### [TASK INSTRUCTIONS]
Return exactly the lines below, starting with the one that has "Web3 Experience Architect" and going on through the one that has "Aventon Level.3 Lifestyle".

### [INFORMATION]
--- --- ---

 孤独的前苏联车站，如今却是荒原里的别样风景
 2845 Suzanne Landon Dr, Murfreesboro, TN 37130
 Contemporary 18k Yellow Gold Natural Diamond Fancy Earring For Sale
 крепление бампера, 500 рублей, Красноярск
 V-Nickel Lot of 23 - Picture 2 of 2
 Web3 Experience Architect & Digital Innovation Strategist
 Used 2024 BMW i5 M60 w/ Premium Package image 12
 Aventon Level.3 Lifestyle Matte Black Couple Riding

--- --- ---

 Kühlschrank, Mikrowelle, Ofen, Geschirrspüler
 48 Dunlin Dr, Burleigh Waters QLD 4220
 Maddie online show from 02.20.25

--- --- ---

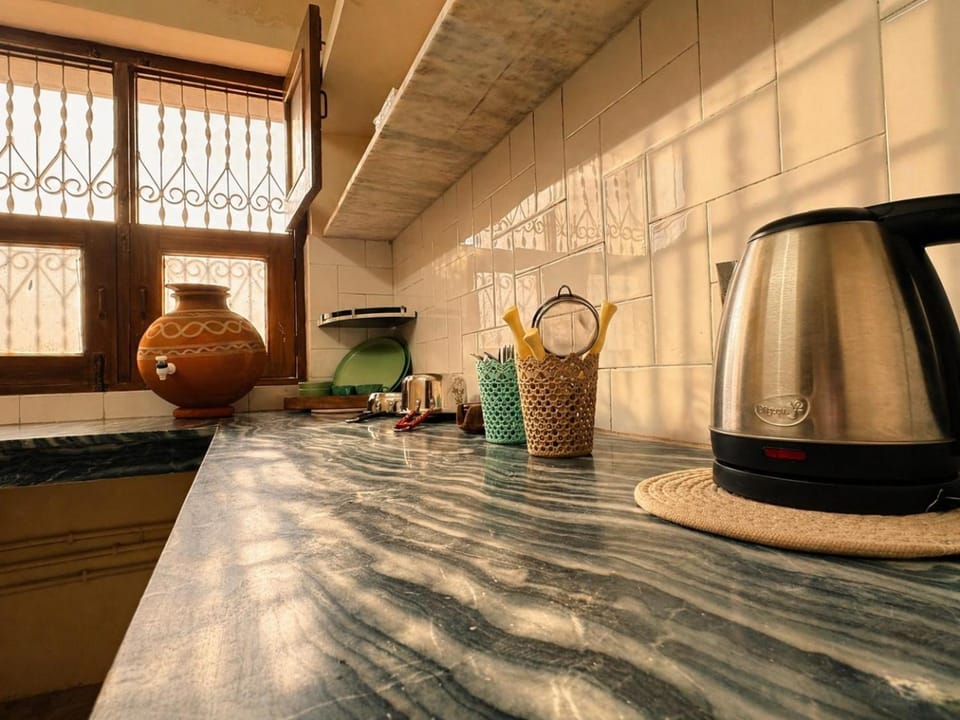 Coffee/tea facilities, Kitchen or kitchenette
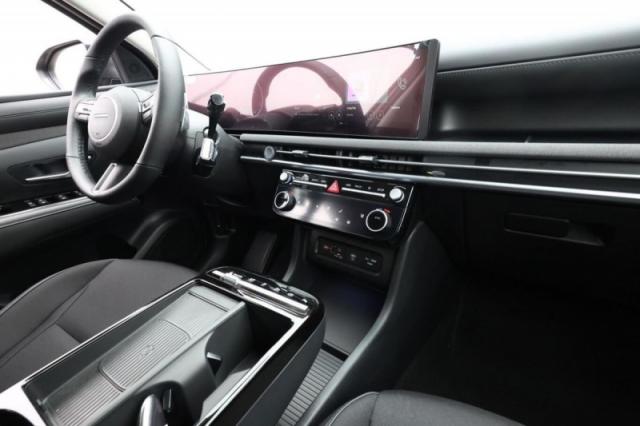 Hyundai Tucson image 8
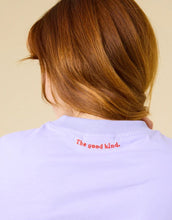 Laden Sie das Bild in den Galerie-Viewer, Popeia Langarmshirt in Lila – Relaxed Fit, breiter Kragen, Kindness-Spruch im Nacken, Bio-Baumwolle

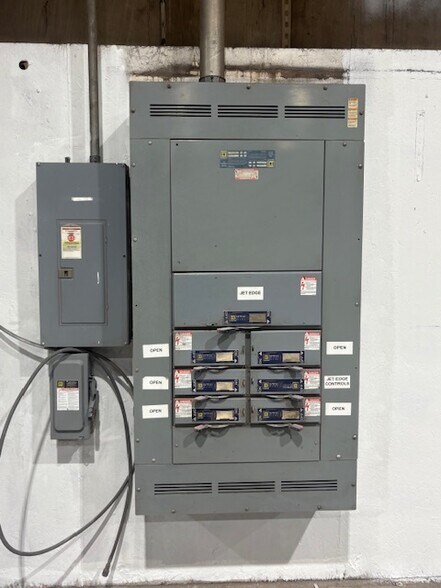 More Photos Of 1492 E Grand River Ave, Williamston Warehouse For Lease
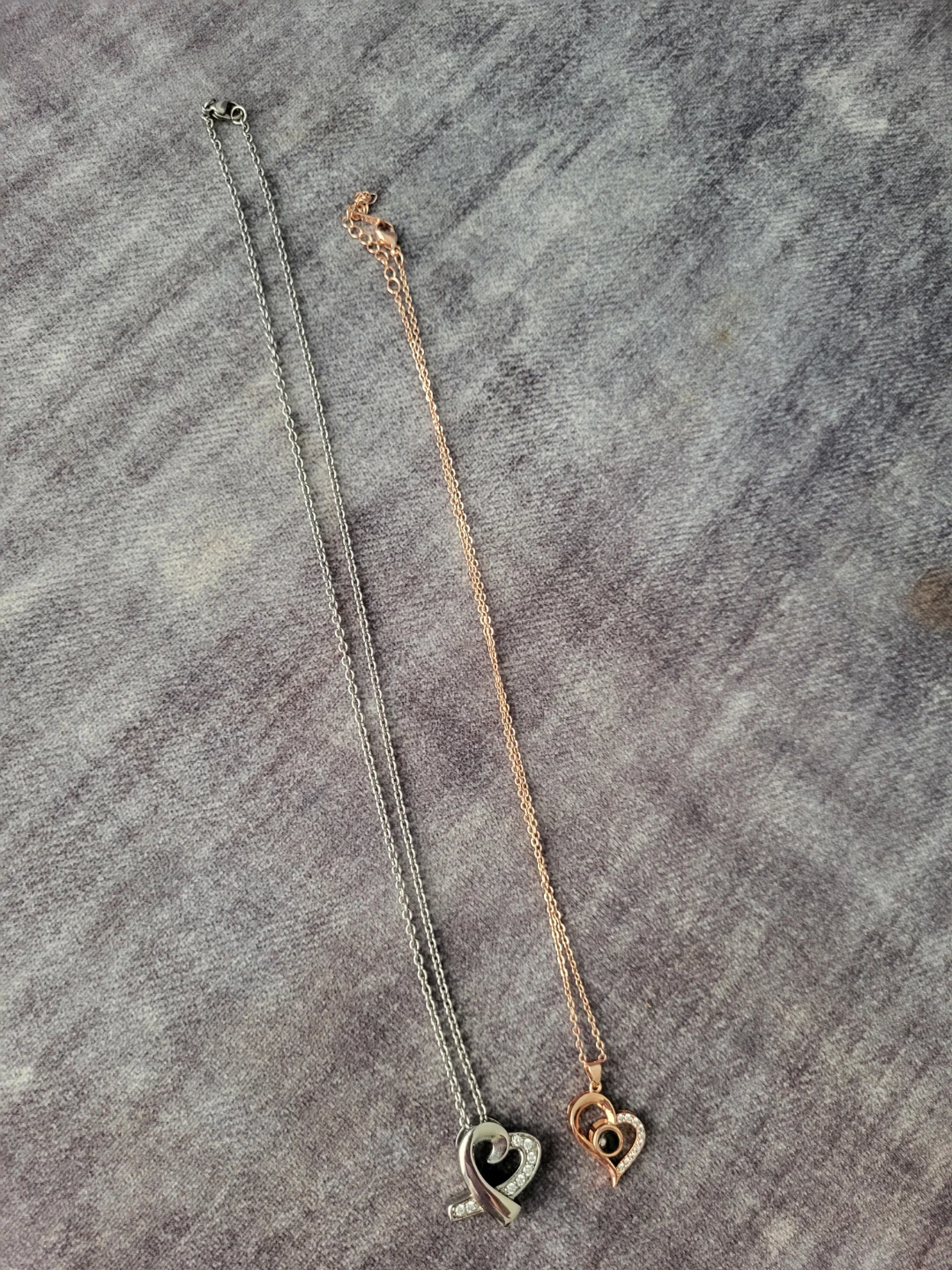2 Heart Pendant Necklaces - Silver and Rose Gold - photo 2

--- --- ---

### [RESPONSE AREA]
 Web3 Experience Architect & Digital Innovation Strategist
 Used 2024 BMW i5 M60 w/ Premium Package image 12
 Aventon Level.3 Lifestyle Matte Black Couple Riding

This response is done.